Single by Shizuka Kudo
- Released: May 21, 1992
- Genre: Pop; rock;
- Length: 4:53
- Label: Pony Canyon
- Songwriter(s): Gorō Matsui; Tsugutoshi Gotō;
- Producer(s): Tsugutoshi Gotō;

Shizuka Kudo singles chronology
| "Mechakucha ni Naite Shimaitai" (1992) | "Urahara" (1992) | "Koe o Kikasete" (1992) |

Audio sample
- "Urahara"file; help;

= Urahara (song) =

"Urahara" (うらはら) is a song recorded by Japanese singer Shizuka Kudo. It was released as a single by Pony Canyon on May 21, 1992. The song made its first album appearance on the compilation album, Super Best.

==Background==
The song was written by Gorō Matsui and composed and produced by Tsugutoshi Gotō, making it the third consecutive single of Kudo to be written and produced by the pair. Lyrically, it describes a protagonist struggling to confess her love which she admits is "turning my heart upside down". The song, which starts with a "freaky" guitar solo, came about when Gotō was randomly playing around with different sounds in the studio one day, fresh out of ideas for new songs. Kudo was praised for delivering vocals that matched the creativity of Gotō's melody.

==Chart performance==
The single debuted at number five on the Oricon Singles Chart with 49,000 copies in its first week. It slid to number six on its second week, but outsold its first week sales, moving 51,000 copies. It dropped to number ten on its third charting week and was out of the top ten the following week.
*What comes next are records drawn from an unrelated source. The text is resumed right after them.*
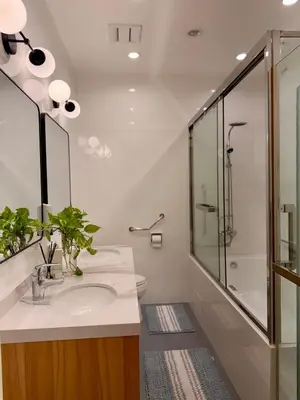 a bathroom with a sink and a shower at Elegant 4BR penthouse in BGC in Manila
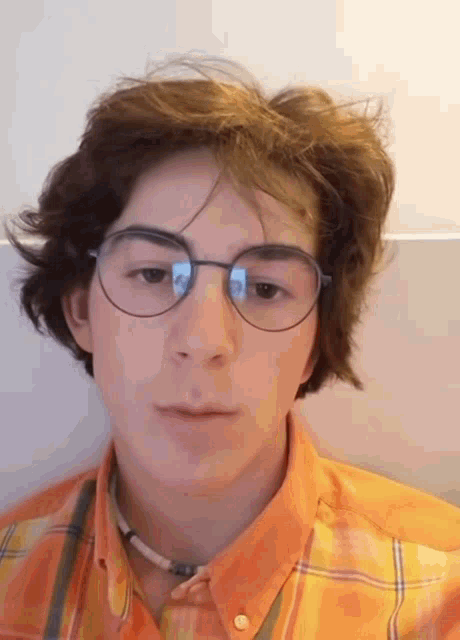 a young man wearing glasses and a plaid shirt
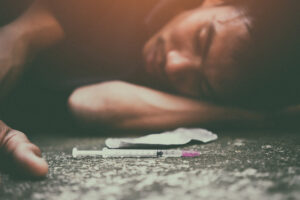 Drug addiction, male using drugs in syringe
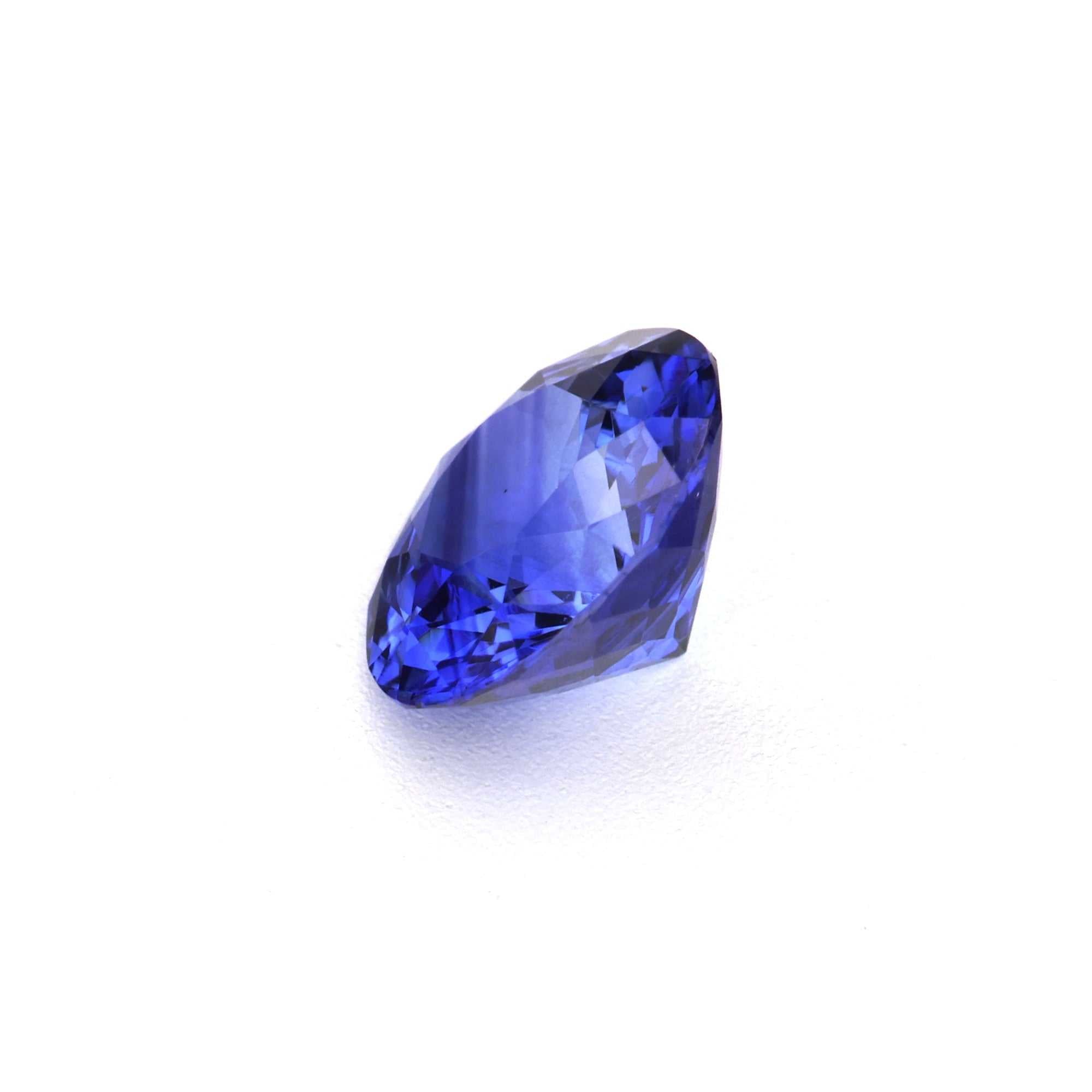 0.87 carat round natural blue sapphire with brilliant cut and deep blue color for fine jewelry
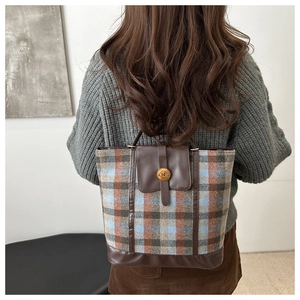 Detail of plaid tote bag featuring brown leather trim and circular metal N-logo buckle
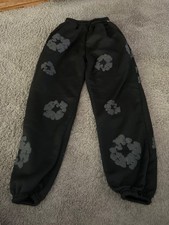 denim tears black sweatpants with flowers size medium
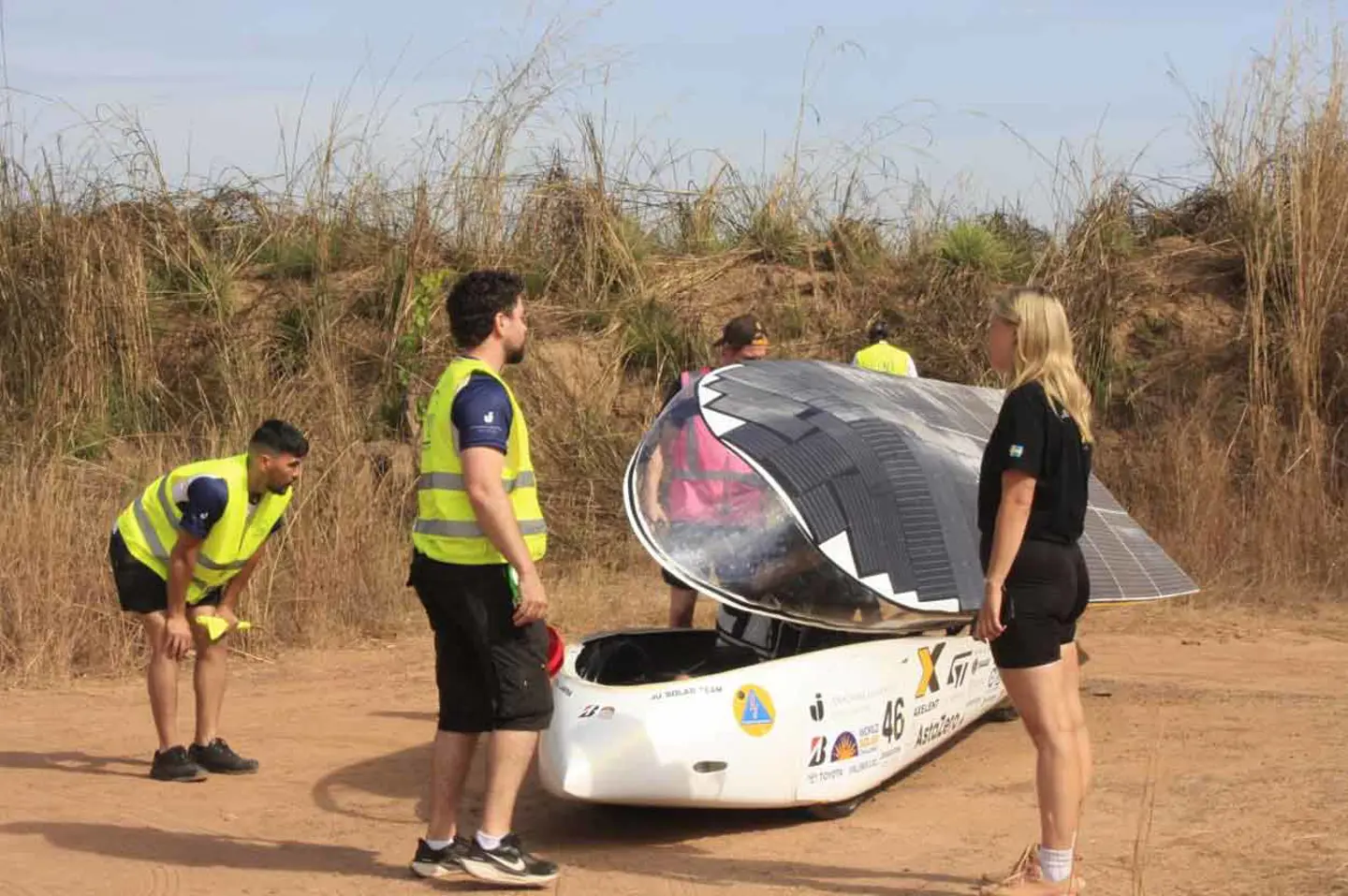 Members from JU Solar Team '25 standing talking around the solar car Nova Lumia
The single stayed in the top 100 for a total of 13 weeks and ranked at number 95 on the year-end Oricon Singles Chart.

==Track listing==

| No. | Title | Lyrics | Arranger(s) | Length |
|---|---|---|---|---|
| 1. | "Urahara" (うらはら, "Upside Down") | Gorō Matsui; | Gotō; | 4:53 |
| 2. | "Hatachi no Scenario" (20才のシナリオ, Hatachi no Shinario, "Scenario of a 20-year-old") | Aeri; | Gotō; | 5:02 |
| 3. | "Urahara" (Original Karaoke) |  | Gotō; | 4:51 |
| Total length: |  |  |  | 14:46 |

==Charts==

| Chart (1992) | Peak position |
|---|---|
| Japan Weekly Singles (Oricon) | 5 |
| Japan Monthly Singles (Oricon) | 8 |
| Japan Yearly Singles (Oricon) | 95 |

==Certification==

| Region | Certification | Certified units/sales |
| Japan (RIAJ) | Gold | 200,000^{^} |
^{^} Shipments figures based on certification alone.